It was written by Powell's group in about 1970 and I have been using it since 1980. Quick, simple, dirty Fortran but powerful.
It was designed for Plastic Analysis of Frames.
I have been using it on a large bridge in Europe and it has been good as a Monte Carlo base.
I had to add the entry bridge span, a flat slab to the big model. It is crashing with an interesting set of errors, took me a while to work out what was missing from the original code, they had not thought of a flat beam by itself.

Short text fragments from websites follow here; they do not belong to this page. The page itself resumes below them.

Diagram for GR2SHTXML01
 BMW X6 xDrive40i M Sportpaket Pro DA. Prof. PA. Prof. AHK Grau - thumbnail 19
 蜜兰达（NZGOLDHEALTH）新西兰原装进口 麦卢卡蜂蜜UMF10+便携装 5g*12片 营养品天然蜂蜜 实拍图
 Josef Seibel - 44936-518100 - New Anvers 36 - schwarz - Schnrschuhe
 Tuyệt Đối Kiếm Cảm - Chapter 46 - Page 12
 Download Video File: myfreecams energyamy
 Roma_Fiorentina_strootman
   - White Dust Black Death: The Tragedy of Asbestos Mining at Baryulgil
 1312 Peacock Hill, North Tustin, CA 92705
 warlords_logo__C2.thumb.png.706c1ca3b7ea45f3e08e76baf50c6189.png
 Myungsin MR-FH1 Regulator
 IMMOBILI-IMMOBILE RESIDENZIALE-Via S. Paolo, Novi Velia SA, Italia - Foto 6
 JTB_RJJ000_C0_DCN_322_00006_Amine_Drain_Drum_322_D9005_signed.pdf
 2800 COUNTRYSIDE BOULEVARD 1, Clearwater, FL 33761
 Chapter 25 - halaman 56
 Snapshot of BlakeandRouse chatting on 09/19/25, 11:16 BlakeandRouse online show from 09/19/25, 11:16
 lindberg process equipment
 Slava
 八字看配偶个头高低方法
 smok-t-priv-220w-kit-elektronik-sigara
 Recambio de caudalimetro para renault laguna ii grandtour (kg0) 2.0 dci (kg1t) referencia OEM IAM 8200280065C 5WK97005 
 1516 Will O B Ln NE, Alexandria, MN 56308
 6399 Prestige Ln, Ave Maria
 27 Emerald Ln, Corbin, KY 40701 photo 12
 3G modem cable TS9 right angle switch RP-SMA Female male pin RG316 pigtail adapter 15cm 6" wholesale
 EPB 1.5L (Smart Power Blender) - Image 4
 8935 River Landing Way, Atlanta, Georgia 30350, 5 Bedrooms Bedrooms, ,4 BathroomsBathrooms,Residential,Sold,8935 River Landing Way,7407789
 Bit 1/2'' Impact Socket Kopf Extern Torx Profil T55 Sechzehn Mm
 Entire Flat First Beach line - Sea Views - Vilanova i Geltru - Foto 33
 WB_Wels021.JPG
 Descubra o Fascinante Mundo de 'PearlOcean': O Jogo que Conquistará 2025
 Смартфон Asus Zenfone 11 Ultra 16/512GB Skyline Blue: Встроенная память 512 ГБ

Line 1 has the axial load at V(?), and with portal frames there is always axial load, so no problems from Xmas 1981 until Thanksgiving 2023, a blasted long time.
But with a flat beam there is no axial load and line 49 gives me IX = 0
So then line 55 throws an exception as I am trying to look up the zeroth element of the applied moments, with IX. We are after the ratio of the applied moments and axial loads to the allowed to determine where the plastic hinges should be placed. So here it is a first guess. Only took 2 weeks to solve to and work out if it was an insurmountable problem in the time available.
ULARC is the precursor to Drain. Anyway, A. SUDHAKAR. wrote ULARC and in the 1990s I tried to track him down to talk about the program. His kind wife replied and said that he had died. I wrote her a very nice letter saying her husband was a tremendous engineer and a good programmer. A nice response from her.
A master's student in six months wrote a world class analysis program for those of us who do not mind quick, dirty Fortran of the 77 kind. Powell's group was fantastic, pity they are all gone.
Any way merry XMAS
John
S(NE,1)=E(N)*AA(N)*V(1)/ELL
S(NE,2)=XM*(SKII(N)*V(2)+SKIJ(N)*V(3))
S(NE,3)=XM*(SKIJ(N)*V(2)+SKJJ(N)*V(3))
!
! CHECK PLASTIC WORK FOR CLOSED HINGES
!
IF (STOT(NE,2)*VP(NE,2).GE.0.) GO TO 70
ICLOSE=1
IHI(NE)=0
write (sw,60) NE,NODI(NE)
write (sw,61) NE,NODI(NE)
60 FORMAT(//21H HINGE CLOSES, MEMBER,I4,6H, NODE,I4)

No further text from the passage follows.